The solution to the linked list problem, and the direction towards better cache management methods, is to follow procedures that are contrary to commonly accepted programming principals. First, do not align the data and pad the data. Second, allocate the entire linked list in one allocation and then thread the list. These two steps gain ~ 20/108 cache line utilization (4 extra bytes for pointer on 32-bit system), and perhaps more importantly ~60% better cache page utilization. Add this to the reduction in overhead for particle migration and you see significantly better performance.
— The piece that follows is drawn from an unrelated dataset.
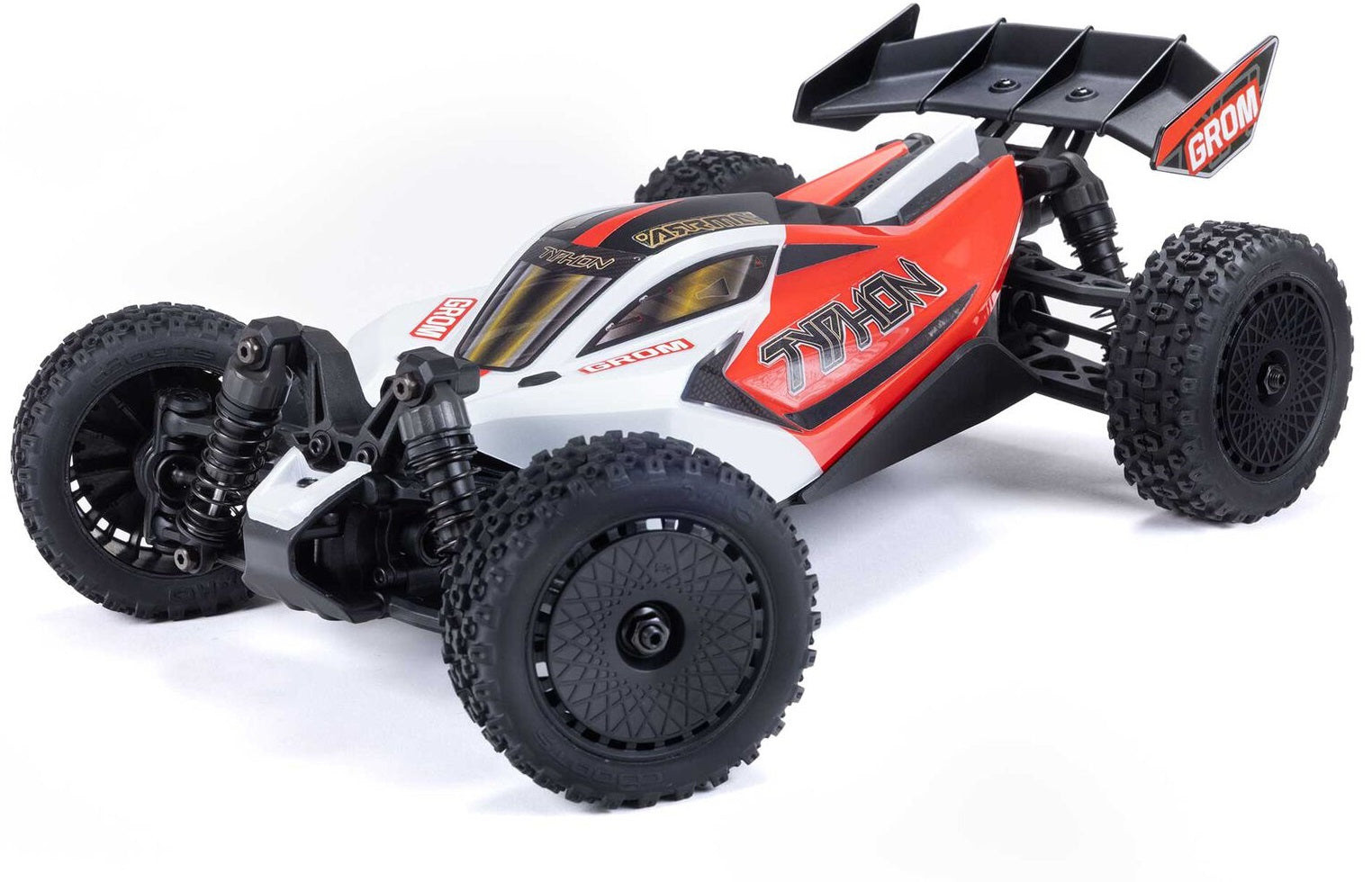 Arrma Buggy Typhon Grom Mega 380 4x4 RTR 1/18 ARA2106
An additional technique employed by the QuickThead code, and which improves cache utilization, is derived from an observation of how cell(particles) to cell(particles) calculations are performed. When the interactions within a 3x3x3 (or smaller) array of cells is performed, duplicate calculations are eliminated by calculations to be performed with cells in the 3x3x3 array of neighboring cells who's cell address is less than the current cell. This avoids calculations between cell A and B being made together with calculations between cell B and A. The code used by Serial, TBB and Pthreads-w32 drive the current focus cell in the X, Y, Z directions from 0:nX, 0:nY, 0:nZ which means the current cell of focus is migrating away from cells who's particles data have just been read in to the L1 cache. The QuickThread implementation runs the iterations in reverse nX:0, nY:0, nZ:0 an by doing so, some of the cell data from the prior iteration has a better probability of residing in L1 cache and an almost certainty of residing in L2 cache.
In closing, there are questions remaining: Is this the best technique to use, and if not, what technique is better. The answer to these are related and not so simple to state. In running various prototype techniques it becomes apparent that some techniques are superior in the smaller particle count problems, while other techniques are superior in the larger particle count simulations. The general technique used by all threading models in this report advanced the frame in 5 stages with barriers in between each stage. An experimental version seems to show promise on large simulations (500K and larger) which has eliminated the barriers and which permits phase skewing between the 5 stages amongst the various threads. This technique has higher management overhead and therefore payback occurs only on larger simulation models. This technique may be discussed in a future blog article.